*** Opening of Records to use ***
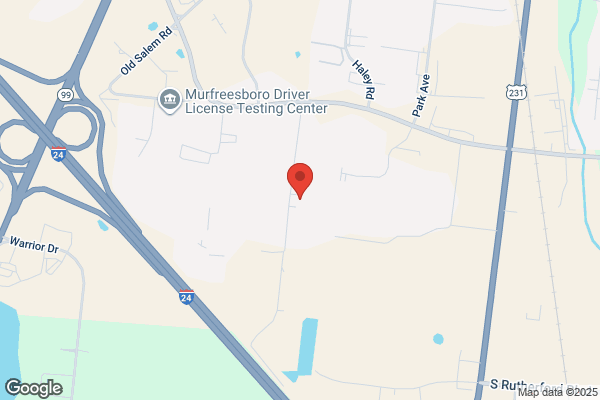 Maness Plumbing and Industrial Supply Inc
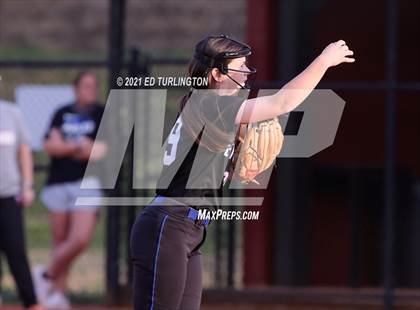 Thumbnail 1 in Etowah @ Cherokee photogallery.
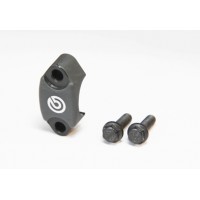 Brembo RCS Standard Handle Bar Clamp Brembo RCS Standard Handle Bar Clamp
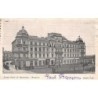 Rare collectable postcards of ROMANIA. Vintage Postcards of ROMANIA
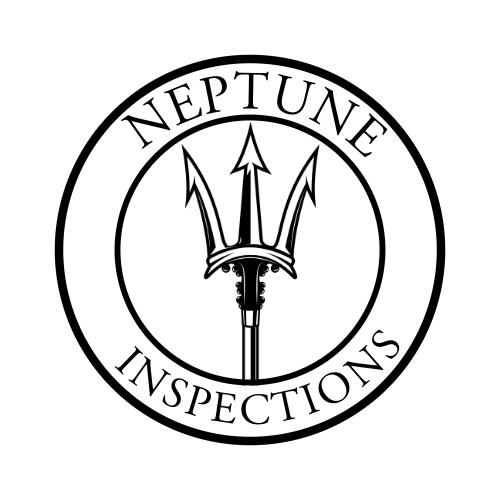 Neptune Inspections Logo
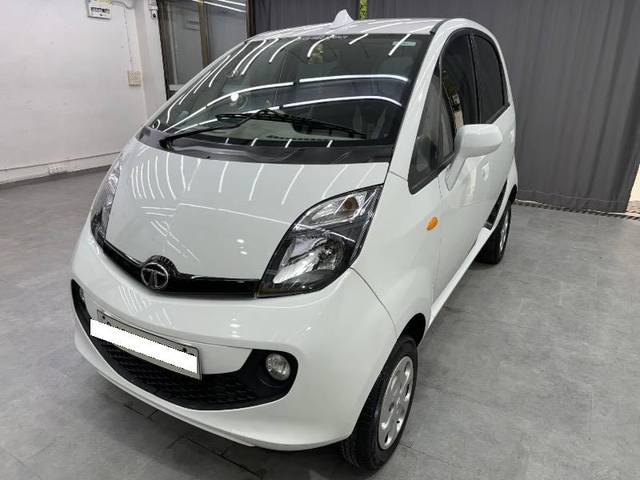 https://images10.gaadi.com/usedcar_image/4574579/original/processed_caacc167-7b6b-4576-aed2-3a54bb76e0ec.jpg?imwidth=6402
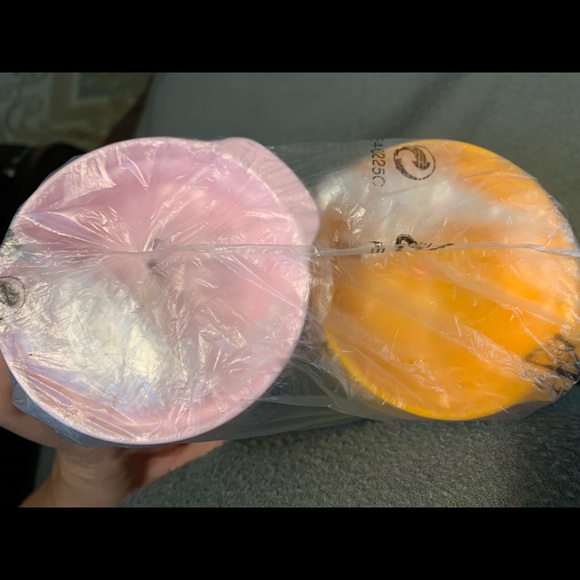 Eco To Go cups. - Picture 2 of 2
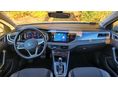 VOLKSWAGEN TAIGO 2023/11 - 12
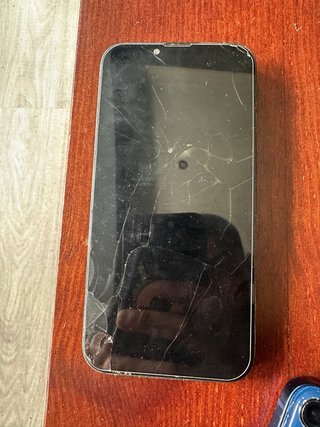 Arreglo moviles y iphone Gijon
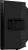 ev-zlx-12p-g2-left-straight-58543.png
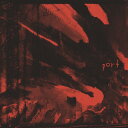BDRMM / PORT EP (12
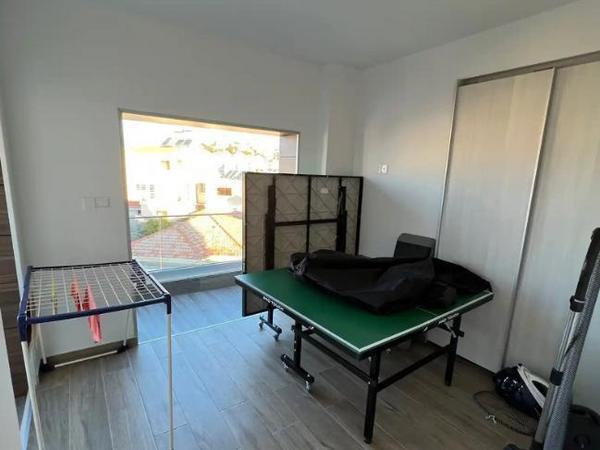 2 bedroom penthouse for sale mesa gitonia limassol 1519718 image 15809033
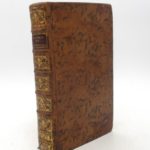 Couverture du livre Estimation du livre « Éléments de fortification »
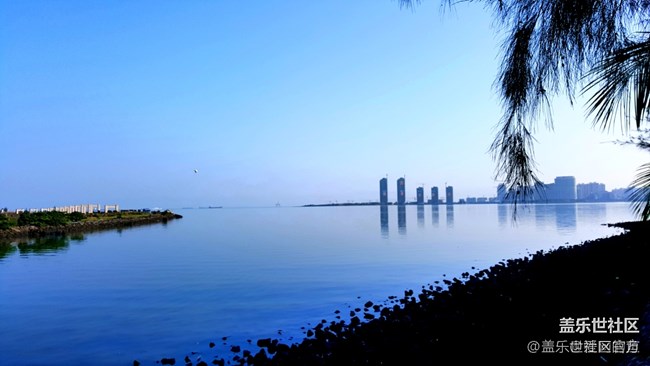 每周精帖匯【第56期：社區(qū)大神教你玩轉S8！】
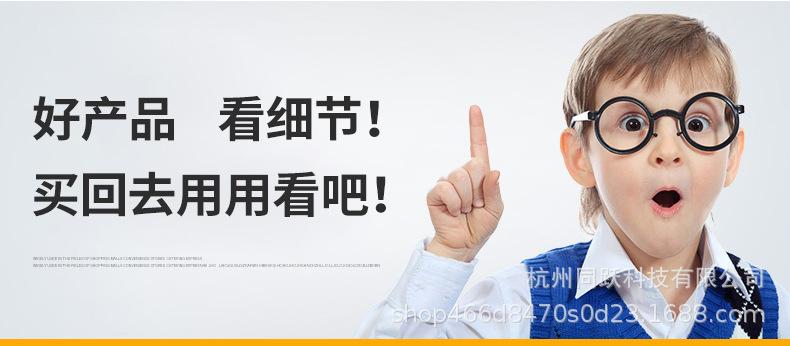 牛皮色热敏纸详情页_13.jpg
*** Close of Records to use ***
Nothing should appear in the reply except the lines from the start of the listing above through the line with "ev-zlx-12p-g2-left-straight-58543.png", repeated exactly and free of pictures.

# Solution to the problem
 Maness Plumbing and Industrial Supply Inc
 Thumbnail 1 in Etowah @ Cherokee photogallery.
 Brembo RCS Standard Handle Bar Clamp Brembo RCS Standard Handle Bar Clamp
 Rare collectable postcards of ROMANIA. Vintage Postcards of ROMANIA
 Neptune Inspections Logo
 https://images10.gaadi.com/usedcar_image/4574579/original/processed_caacc167-7b6b-4576-aed2-3a54bb76e0ec.jpg?imwidth=6402
 Eco To Go cups. - Picture 2 of 2
 VOLKSWAGEN TAIGO 2023/11 - 12
 Arreglo moviles y iphone Gijon
 ev-zlx-12p-g2-left-straight-58543.png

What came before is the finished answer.